Los principios que deben guiar la discusión
En bioética existen cuatro principios básicos que sirven como brújula:
- Autonomía: que la persona decida libremente, sin presiones externas.
- Beneficencia: que la acción médica realmente busque el bien del paciente, en este caso, aliviar el sufrimiento.
- No maleficencia: que no se cause un daño mayor, como aplicar la eutanasia sin estar seguros de que la decisión es libre y bien informada.
- Justicia: que todos tengan el mismo derecho, sin discriminación y con igualdad de acceso.
¿Dónde entra lo médico-legal?
Aquí aparece un punto clave: el peritaje médico-legal. Un informe pericial no es solo un papel; es la garantía de que las decisiones se toman con seriedad y bajo reglas claras.
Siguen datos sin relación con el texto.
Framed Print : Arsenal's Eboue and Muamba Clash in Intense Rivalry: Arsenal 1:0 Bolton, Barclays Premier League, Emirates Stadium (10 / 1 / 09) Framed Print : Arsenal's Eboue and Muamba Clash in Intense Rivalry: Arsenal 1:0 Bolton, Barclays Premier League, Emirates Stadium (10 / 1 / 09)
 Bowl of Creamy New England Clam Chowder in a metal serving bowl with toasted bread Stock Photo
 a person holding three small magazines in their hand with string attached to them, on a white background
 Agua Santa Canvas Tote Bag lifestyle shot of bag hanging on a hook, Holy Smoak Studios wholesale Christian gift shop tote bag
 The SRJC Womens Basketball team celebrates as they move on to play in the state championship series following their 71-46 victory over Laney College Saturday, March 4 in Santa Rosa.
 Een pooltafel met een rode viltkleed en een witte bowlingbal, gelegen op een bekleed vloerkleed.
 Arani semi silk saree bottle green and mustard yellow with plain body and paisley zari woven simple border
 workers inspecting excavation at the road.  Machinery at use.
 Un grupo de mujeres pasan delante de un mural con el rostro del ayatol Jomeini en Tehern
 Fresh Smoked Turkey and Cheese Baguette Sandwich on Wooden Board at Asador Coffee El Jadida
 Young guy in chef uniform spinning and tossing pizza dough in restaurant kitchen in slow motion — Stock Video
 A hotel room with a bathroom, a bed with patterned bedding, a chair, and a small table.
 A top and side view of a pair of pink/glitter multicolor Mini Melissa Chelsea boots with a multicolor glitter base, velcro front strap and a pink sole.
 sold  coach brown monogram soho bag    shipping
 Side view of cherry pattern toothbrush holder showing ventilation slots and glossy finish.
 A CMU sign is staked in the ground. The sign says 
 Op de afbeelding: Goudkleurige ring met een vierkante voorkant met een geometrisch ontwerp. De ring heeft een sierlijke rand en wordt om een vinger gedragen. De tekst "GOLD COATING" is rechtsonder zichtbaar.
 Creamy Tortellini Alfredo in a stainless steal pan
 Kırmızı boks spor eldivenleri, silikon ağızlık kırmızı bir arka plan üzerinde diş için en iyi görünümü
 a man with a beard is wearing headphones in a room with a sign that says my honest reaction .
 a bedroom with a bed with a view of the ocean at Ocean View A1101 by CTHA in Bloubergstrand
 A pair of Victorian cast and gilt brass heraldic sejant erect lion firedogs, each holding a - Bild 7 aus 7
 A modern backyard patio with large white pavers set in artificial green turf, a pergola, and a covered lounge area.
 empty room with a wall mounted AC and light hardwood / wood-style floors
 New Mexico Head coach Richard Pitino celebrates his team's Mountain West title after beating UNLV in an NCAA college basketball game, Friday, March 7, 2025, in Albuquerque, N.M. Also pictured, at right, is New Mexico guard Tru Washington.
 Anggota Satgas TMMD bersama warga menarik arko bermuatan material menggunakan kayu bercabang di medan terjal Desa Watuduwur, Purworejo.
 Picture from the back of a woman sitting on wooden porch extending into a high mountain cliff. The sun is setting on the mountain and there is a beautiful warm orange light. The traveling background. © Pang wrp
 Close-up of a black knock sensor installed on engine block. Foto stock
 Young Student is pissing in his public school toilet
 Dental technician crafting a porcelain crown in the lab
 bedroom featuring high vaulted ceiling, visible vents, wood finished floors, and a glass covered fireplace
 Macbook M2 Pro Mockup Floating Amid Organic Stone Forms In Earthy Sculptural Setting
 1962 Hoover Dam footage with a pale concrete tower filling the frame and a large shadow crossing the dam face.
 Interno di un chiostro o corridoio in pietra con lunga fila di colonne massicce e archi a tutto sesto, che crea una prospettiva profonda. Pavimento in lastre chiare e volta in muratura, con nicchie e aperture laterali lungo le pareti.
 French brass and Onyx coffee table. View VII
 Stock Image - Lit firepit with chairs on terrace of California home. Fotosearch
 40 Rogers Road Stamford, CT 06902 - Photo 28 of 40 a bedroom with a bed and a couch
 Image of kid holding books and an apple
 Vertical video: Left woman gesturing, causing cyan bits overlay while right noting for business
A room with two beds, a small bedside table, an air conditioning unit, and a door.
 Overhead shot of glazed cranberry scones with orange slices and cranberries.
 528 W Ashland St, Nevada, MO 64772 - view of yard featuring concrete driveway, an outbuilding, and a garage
El perito debe verificar si el paciente entiende lo que está decidiendo, si su diagnóstico realmente corresponde a una enfermedad incurable, y si no existen presiones familiares o sociales que lo lleven a pedir la eutanasia. Además, el peritaje protege al equipo médico y al propio Estado, asegurando que todo se haga dentro de la ley.
Un cierre necesario
La eutanasia es un tema difícil, que toca fibras muy sensibles. Pero si Chile avanza en esta legislación, no basta con la norma escrita: se necesitan peritajes médicos-legales sólidos que den certeza a las familias, a los profesionales y a la sociedad.
Solo así podremos garantizar que la autonomía sea real, que el alivio del sufrimiento se cumpla, que no se cause daño y que la justicia se respete para todos.
Porque la eutanasia no es solo un acto médico: es un acto humano, bioético y jurídico de enorme trascendencia. Y en ese cruce de caminos, el peritaje médico-legal debe ser el guardián de la dignidad y la verdad.
Diego Romo Contreras
Perito Profesional Colegiado
Tecnólogo Médico (U. Mayor)
Magíster en Ciencias Forenses (U. de Valencia)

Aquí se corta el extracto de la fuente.